Character Counter
Character Counter tallies the exact number of characters in your text as you type, including a separate count that excludes spaces. It also breaks the total down into letters, digits and spaces so you can see precisely what your text is made of.
It runs entirely in your browser — nothing is uploaded — making it safe for drafts, private notes and confidential copy. Use it to stay under the character limits on Twitter/X, meta descriptions, SMS messages and form fields.
How to use Character Counter
- 1
Type or paste your text
Enter text into the box. The counts update on every keystroke.
- 2
Read the breakdown
See total characters, characters without spaces, letters, digits, spaces and words side by side.
- 3
Trim to your limit
Edit your text while watching the count to land exactly within a character limit.
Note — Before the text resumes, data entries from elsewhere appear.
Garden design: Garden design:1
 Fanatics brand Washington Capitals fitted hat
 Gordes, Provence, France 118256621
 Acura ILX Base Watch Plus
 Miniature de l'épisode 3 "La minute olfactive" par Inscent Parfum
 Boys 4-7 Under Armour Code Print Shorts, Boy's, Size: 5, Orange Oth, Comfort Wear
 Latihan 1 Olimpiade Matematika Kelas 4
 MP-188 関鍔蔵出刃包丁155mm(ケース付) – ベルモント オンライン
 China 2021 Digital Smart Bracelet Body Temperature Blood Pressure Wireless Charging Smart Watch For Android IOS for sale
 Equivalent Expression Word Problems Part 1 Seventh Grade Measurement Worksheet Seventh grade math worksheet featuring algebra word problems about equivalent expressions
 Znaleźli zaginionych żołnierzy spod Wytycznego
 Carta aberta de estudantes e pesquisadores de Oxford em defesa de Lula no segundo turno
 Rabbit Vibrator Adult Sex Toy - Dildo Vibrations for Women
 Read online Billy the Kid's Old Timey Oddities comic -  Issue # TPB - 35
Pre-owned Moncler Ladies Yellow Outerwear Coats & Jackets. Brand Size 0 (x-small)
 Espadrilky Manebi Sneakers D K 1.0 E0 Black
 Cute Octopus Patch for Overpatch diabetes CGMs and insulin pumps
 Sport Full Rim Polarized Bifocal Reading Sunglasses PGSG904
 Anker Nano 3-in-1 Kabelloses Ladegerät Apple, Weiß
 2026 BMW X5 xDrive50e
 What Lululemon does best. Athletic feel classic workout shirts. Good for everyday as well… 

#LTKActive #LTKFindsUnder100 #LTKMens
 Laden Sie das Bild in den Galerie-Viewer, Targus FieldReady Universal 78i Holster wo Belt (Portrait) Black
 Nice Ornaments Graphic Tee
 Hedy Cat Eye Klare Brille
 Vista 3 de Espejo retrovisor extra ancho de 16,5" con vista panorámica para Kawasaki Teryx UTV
Why character limits matter
Many platforms count characters, not words. A meta description that exceeds roughly 155–160 characters gets truncated in search results, a single SMS segment is 160 characters, and posts on X are capped at 280. Form fields, database columns and product titles often have hard limits too.
Checking your character count before you publish prevents cut-off headlines, split text messages and rejected submissions.
Characters with vs. without spaces
Some limits count every character including spaces; others count only the visible glyphs. This tool shows both numbers at once so you never have to guess which definition a platform uses.
Letters and digits are counted using Unicode-aware matching, so accented letters and non-Latin scripts are included correctly.
Frequently asked questions
- Does it count spaces as characters?
- Yes. The main count includes spaces, and a separate "no spaces" figure excludes all whitespace so you can use whichever a platform requires.
- Is my text uploaded anywhere?
- No. All counting happens locally in your browser, so your text never leaves your device.
- Does it handle emoji and accented characters?
- Letters are matched with Unicode rules so accents and many scripts count correctly. Note that some emoji are made of multiple code points and may count as more than one character.